Biden and Harris 2020

Democratic presidential candidate former Vice President Joe Biden and his running mate Sen. Kamala Harris, D-Calif., arrive to speak at a news conference at Alexis Dupont High School in Wilmington, Del.

Let’s not kid ourselves: after the most historic election in recent memory, the past two weeks have been absolutely tiring.

Following the Nov. 7 consensus that Democratic candidate Joe Biden would become the 46th President of the United States, a sense of relief seemed to sweep through the nation.

Like a climactic scene straight out of “Return of the Jedi,” U.S. citizens from New York to Los Angeles took to the streets to celebrate Biden’s victory — and Trump’s defeat — and pop bottles of champagne in between bouts of celebratory dancing.

Yet, between delayed polling results, the sitting president and his supporters refusing to concede to the victor and widespread misinformation about nonexistent voter fraud, the American public’s faith in the democratic system is fraught. 
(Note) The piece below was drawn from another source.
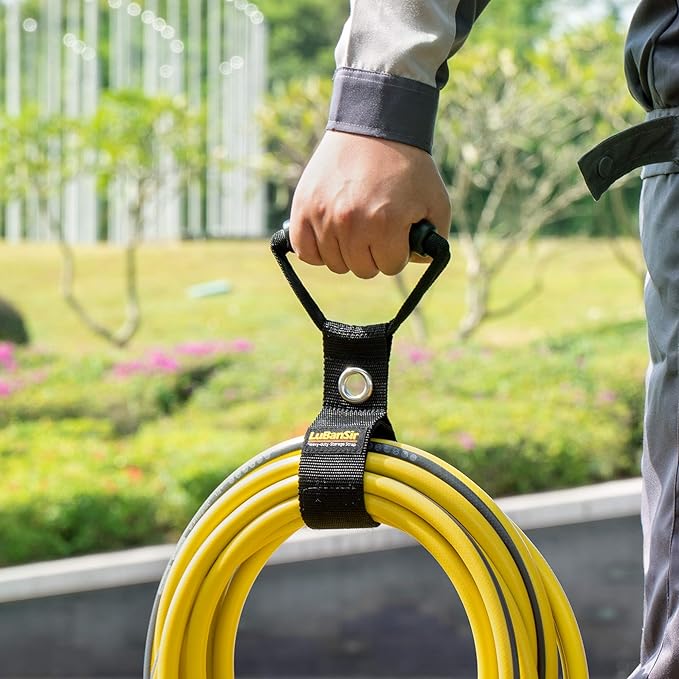 LuBanSir 3 Pack Extension Cord Organizer, 17" Portable Hook and Loop Storage Straps with Grommet Fit Extension Cords, Cables, Ropes, Garden Water Hoses Carrying and Hanging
As momentous of an occasion it is to see the incumbent defeated, Trump’s defeat and Biden’s victory will not solve our nation’s ongoing problems. An ongoing pandemic, a deluge of racial and class divisions and an environmental cry out for help don’t just go away once the man Sen. Bernie Sanders called the “most dangerous president in modern history” leaves office.

Sure, Biden wields old-school charm to combat Trump’s galvanizing rhetoric, but Biden and Vice President-Elect Kamala Harris both have pasts that cannot be ignored. After all, the Biden-Harris ticket came from the same polarized political environment that created a runway for Donald Trump’s far-right populism.

With the resurgence of the Black Lives Matter movement, a protest to the death of black men and women at the hands of law enforcement, we should consider the track records of those inheriting the Oval Office before we celebrate them as progressives just because they aren’t Donald Trump and Mike Pence.

Yes, people change -- but for political figures like the Commander-in-Chief, their past actions have changed the face of this nation in ways still felt to this day.

One source of scrutiny along his journey to the White House was the 1994 crime bill Biden authored under the Clinton administration. The bill “was meant to reverse decades of rising crime, [but] was one of the key contributors to mass incarceration in the 1990s… [that] led to… more aggressive policing — especially hurting Black and brown Americans.”

Harris' record is blemished as well. As Attorney General of California from 2011 to 2017, Kamala Harris “avoided intervening in cases involving killings by the police… she did not step in. Except in extraordinary circumstances, she said, it was not her job.”

The political reputations of the White House’s newest residents, while better than their predecessors', are far cries from that of an empathetic former vice president and a “progressive prosecutor.”

Both Biden and Harris used the campaign trail to make amends with their pasts by appealing to progressive constituents with key endorsements. Already, this is far more than the current president has ever done — or ever will ever do.

Yet, as much as endorsements from former rivals like Sens. Bernie Sanders and Elizabeth Warren helped boost the pair's progressive messaging, it doesn’t seem their actual administrative policies will follow suit, seeing as both Sanders and Warren are likely to be "frozen out of [the] cabinet” due to Democrats' fears of losing more congressional power.  

With Trump voted out of office in a record turnout, we cannot become compliant with the state of our country. Joe Biden and Kamala Harris are an improvement for sure, but that does not mean their administration will be actively progressive — based on their histories, actually, it could be far from it.

As Americans, we must hold those in power close to the fire. After all, they work for us. We gave them the job; let’s make sure they do good by us.

Domenic Purdy is a 19-year old journalism sophomore from Prairieville.